- WHAT TO PRODUCE -
Without the pictures, output all of the data exactly.

- RECORDED INFORMATION -

• • • • •

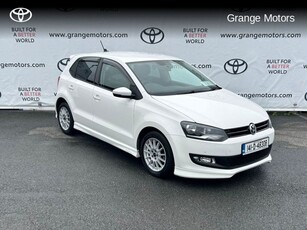 2014 - Volkswagen Polo Automatic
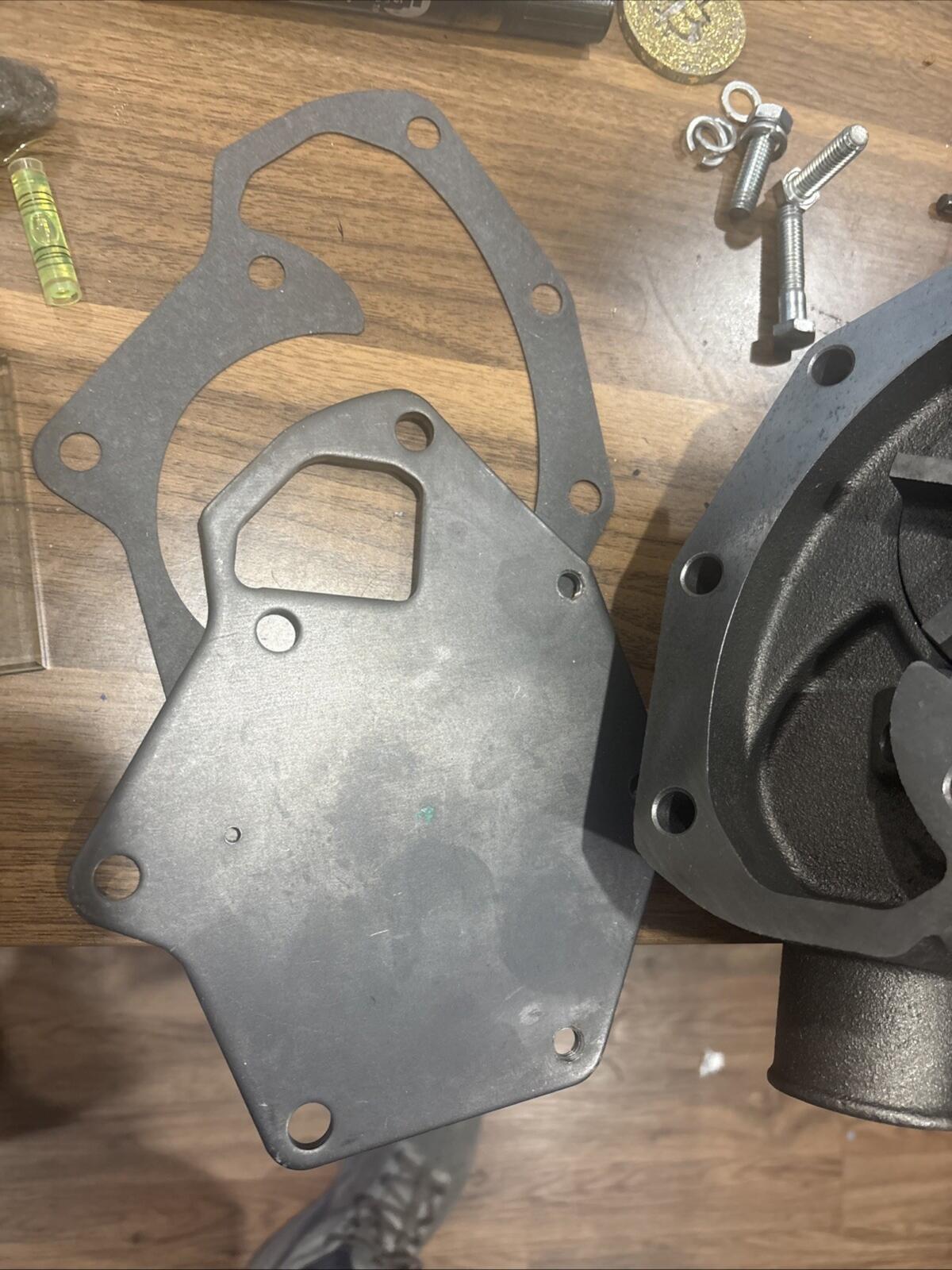 Water Pump Fits John Deere 5200 5210 5205 6500 5220 5105 6100 5310 5300 240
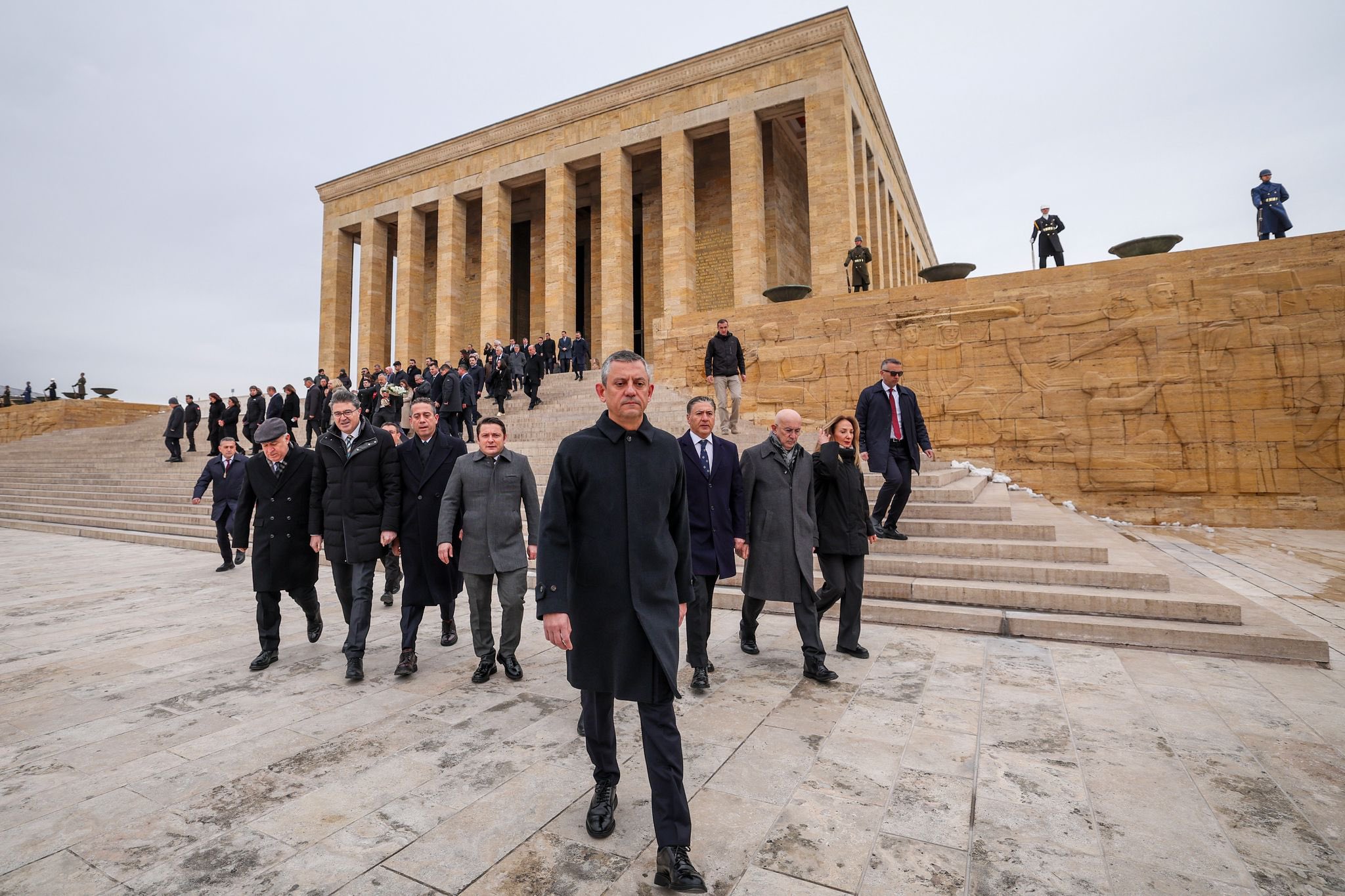Özgür Özel, PM ve YDK üyeleriyle Anıtkabir’i ziyaret etti!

• • • • •

- FINISHED EXERCISE -
 2014 - Volkswagen Polo Automatic
 Water Pump Fits John Deere 5200 5210 5205 6500 5220 5105 6100 5310 5300 240
Özgür Özel, PM ve YDK üyeleriyle Anıtkabir’i ziyaret etti!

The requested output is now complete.